**What to produce:** Could you copy each line of the entries that contains "Zewnętrze"?

**Materials provided:**

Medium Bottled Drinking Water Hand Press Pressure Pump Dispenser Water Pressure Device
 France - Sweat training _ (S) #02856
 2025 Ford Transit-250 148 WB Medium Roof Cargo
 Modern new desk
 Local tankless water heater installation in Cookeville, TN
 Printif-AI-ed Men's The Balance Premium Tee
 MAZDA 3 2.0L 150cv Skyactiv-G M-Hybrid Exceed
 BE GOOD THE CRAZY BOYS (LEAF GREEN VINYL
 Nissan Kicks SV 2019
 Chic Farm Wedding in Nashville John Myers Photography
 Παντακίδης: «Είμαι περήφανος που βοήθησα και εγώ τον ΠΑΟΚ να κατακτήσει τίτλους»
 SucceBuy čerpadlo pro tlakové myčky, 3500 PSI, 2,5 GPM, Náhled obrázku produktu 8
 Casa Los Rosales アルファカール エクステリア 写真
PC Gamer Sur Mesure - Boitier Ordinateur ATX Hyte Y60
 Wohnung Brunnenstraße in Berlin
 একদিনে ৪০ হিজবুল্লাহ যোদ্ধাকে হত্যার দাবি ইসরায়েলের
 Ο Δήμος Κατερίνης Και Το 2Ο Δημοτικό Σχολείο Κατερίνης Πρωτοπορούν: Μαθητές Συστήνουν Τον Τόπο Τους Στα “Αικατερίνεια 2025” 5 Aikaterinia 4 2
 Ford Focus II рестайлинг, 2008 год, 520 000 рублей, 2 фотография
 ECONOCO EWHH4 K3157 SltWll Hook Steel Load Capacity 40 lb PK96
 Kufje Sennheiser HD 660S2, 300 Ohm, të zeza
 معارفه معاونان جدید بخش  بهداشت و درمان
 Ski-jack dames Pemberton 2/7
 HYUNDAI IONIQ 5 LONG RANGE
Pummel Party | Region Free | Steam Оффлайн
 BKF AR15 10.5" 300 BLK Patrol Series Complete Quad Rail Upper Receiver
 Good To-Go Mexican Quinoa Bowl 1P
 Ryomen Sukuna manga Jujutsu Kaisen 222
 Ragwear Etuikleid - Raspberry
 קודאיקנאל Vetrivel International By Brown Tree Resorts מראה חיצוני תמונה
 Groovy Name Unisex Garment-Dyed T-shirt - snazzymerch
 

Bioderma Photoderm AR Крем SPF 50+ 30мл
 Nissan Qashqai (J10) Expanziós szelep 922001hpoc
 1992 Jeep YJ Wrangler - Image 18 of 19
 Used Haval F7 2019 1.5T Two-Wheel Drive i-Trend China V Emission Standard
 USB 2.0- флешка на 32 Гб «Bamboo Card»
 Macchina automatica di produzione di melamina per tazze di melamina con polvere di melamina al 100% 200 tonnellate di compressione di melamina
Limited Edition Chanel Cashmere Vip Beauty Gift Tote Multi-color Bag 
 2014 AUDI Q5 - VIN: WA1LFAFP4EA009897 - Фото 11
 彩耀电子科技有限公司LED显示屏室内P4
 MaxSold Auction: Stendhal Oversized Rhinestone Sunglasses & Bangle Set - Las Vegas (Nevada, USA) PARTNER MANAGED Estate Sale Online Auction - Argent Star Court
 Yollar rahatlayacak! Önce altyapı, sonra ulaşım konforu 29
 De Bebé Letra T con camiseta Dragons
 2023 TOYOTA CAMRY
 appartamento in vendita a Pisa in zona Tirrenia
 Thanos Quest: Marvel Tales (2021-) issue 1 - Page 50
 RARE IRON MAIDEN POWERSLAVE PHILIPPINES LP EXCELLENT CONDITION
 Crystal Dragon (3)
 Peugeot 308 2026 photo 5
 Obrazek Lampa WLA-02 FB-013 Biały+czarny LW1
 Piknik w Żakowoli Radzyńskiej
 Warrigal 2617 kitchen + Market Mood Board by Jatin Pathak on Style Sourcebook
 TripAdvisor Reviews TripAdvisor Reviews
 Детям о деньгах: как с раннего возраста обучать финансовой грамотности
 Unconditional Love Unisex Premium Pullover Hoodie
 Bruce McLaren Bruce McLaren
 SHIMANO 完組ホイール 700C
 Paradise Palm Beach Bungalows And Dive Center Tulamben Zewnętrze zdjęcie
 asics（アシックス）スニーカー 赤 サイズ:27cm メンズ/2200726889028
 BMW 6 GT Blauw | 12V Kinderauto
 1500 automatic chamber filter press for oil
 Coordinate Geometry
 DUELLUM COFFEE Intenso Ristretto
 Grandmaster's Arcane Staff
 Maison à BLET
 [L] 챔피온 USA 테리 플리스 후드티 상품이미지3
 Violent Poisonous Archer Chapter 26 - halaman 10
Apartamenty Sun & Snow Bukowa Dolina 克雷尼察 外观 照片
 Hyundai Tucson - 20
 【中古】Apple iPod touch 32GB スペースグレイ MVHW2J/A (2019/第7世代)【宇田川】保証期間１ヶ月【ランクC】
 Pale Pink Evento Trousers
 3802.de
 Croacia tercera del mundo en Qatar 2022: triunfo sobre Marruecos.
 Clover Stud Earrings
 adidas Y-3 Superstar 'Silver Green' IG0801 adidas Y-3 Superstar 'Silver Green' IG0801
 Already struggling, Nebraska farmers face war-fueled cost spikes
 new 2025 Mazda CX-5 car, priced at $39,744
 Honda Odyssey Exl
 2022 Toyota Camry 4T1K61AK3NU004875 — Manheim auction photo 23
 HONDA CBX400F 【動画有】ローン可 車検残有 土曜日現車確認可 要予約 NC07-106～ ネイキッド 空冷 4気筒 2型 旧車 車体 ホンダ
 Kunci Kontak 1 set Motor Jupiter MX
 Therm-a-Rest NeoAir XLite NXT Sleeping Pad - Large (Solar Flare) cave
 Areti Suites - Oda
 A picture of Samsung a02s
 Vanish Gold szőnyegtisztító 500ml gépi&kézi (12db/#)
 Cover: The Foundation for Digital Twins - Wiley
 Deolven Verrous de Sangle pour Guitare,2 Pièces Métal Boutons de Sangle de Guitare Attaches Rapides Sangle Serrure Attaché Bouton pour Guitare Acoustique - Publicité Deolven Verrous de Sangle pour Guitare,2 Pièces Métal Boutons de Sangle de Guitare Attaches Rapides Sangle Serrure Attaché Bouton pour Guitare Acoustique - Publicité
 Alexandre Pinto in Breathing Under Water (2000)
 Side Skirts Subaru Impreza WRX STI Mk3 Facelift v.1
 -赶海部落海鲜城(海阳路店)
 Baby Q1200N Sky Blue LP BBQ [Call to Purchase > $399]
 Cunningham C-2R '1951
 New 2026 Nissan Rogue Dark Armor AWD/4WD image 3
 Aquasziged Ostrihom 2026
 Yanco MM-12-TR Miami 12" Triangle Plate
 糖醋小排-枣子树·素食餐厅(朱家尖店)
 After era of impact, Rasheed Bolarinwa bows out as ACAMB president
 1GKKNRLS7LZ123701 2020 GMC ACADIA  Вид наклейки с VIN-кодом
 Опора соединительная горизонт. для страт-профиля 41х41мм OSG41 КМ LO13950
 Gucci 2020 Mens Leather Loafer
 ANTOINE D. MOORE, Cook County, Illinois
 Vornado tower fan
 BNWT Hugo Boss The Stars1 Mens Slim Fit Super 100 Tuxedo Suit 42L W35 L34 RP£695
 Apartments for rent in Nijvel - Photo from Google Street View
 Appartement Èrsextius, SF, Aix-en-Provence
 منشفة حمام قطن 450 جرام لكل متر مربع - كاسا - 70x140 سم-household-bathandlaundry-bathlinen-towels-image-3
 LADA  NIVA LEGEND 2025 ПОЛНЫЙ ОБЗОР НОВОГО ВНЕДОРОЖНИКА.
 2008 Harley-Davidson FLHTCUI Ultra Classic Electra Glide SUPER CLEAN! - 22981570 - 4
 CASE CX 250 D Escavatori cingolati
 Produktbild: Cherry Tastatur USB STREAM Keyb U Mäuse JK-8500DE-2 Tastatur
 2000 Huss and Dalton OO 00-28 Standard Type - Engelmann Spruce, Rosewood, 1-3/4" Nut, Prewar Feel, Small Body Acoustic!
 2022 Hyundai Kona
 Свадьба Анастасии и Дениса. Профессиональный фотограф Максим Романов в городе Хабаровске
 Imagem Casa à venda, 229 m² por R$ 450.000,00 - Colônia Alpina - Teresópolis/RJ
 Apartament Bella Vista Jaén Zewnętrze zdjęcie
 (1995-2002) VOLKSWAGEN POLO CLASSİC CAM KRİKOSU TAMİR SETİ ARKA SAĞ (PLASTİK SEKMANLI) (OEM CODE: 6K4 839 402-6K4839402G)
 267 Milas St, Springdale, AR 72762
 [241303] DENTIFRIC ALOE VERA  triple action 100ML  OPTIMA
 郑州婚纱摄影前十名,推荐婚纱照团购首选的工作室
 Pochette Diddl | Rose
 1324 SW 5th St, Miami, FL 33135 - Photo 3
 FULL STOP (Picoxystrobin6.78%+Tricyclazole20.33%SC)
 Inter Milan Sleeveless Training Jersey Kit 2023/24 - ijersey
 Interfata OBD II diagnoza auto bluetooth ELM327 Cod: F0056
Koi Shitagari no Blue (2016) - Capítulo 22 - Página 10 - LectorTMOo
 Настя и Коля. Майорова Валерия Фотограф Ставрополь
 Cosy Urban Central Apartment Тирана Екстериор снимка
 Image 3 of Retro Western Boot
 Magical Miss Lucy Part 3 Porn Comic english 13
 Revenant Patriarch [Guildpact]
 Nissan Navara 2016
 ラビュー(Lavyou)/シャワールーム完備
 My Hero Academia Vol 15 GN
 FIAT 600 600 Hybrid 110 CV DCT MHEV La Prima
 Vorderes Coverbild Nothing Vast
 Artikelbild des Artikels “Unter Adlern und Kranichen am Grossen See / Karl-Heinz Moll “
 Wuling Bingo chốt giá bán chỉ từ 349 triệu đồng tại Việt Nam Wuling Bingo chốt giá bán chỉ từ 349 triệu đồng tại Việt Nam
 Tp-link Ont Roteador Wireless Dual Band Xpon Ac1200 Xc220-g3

**Exercise output:**
 Paradise Palm Beach Bungalows And Dive Center Tulamben Zewnętrze zdjęcie
 Apartament Bella Vista Jaén Zewnętrze zdjęcie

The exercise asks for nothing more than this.